Star of India seduces H'wood

Ties with Bollywood grow as biz model changes, local economy booms

A recent flurry of deals between two diverse film cultures looks like the beginning of a beautiful friendship, heralding not just the arrival of Hollywood studios in Bollywood but also Indian majors heading west.

The cross pollination isn't expected to stop anytime soon. With U.S. majors salivating over India's entertainment-industry boom and India looking to adapt Hollywood's studio model to capitalize on the crush, companies are rushing to partner up.

Hollywood's growing interest here mostly is explained by the sheer market potential in addition to the government allowing 100% foreign investment in the film industry.

According to a recent report by New Delhi-based PricewaterhouseCoopers India in association with industry body the Federation of Indian Chambers of Commerce and Industry, the Indian film industry touched $2.4 billion in 2007, 14% more than in 2006; it's projected to reach $4.4 billion by 2012 at a compound annual growth rate of 13%.

Overall, the Indian entertainment industry is projected to be a $28.9 billion business by 2012, reflecting an 18% cumulative growth.

Reliance Big Entertainment's latest forays into Hollywood, including its $550 million deal for a 50% stake in the new DreamWorks, have come at a time of contrasting economies that benefits the overseas player, PwC entertainment analyst Smita Jha said.

"Indian corporations are acquiring international assets as they are available at low costs since the Indian economy is booming compared to the U.S.," he said. "It's a healthy time for Indian corporations to raise financing for their overseas ambitions, which explains why Reliance could take this step."

The PwC report also sees a shift to a Hollywood-style studio model, which "is further de-risking the business," it said.
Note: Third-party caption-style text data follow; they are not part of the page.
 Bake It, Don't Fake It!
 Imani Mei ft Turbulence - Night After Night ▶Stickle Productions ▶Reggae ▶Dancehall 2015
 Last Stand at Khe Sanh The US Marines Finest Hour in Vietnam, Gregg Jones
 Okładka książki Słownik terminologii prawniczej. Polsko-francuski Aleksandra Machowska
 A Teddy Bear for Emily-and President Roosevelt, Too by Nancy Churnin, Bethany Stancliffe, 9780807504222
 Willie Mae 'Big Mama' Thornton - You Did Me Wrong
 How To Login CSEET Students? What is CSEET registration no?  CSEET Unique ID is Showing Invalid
Mumbai-based Fox Star Studios India managing director Vijay Singh is clear in his mandate to establish the studio model in India because "traditionally, producers here have been working in a fragmented way, especially in areas like distribution, which is run by independent players. We offer a one-stop shop across the board, from creative inputs to marketing."

Although a Hollywood model is seen as a positive step, the entrepreneurial spirit of Indian producers will still thrive, said "Chandni Chowk to China" producer Rohan Sippy, whose father, Ramesh, directed one of Indian cinema's most successful films, 1975's "Sholay."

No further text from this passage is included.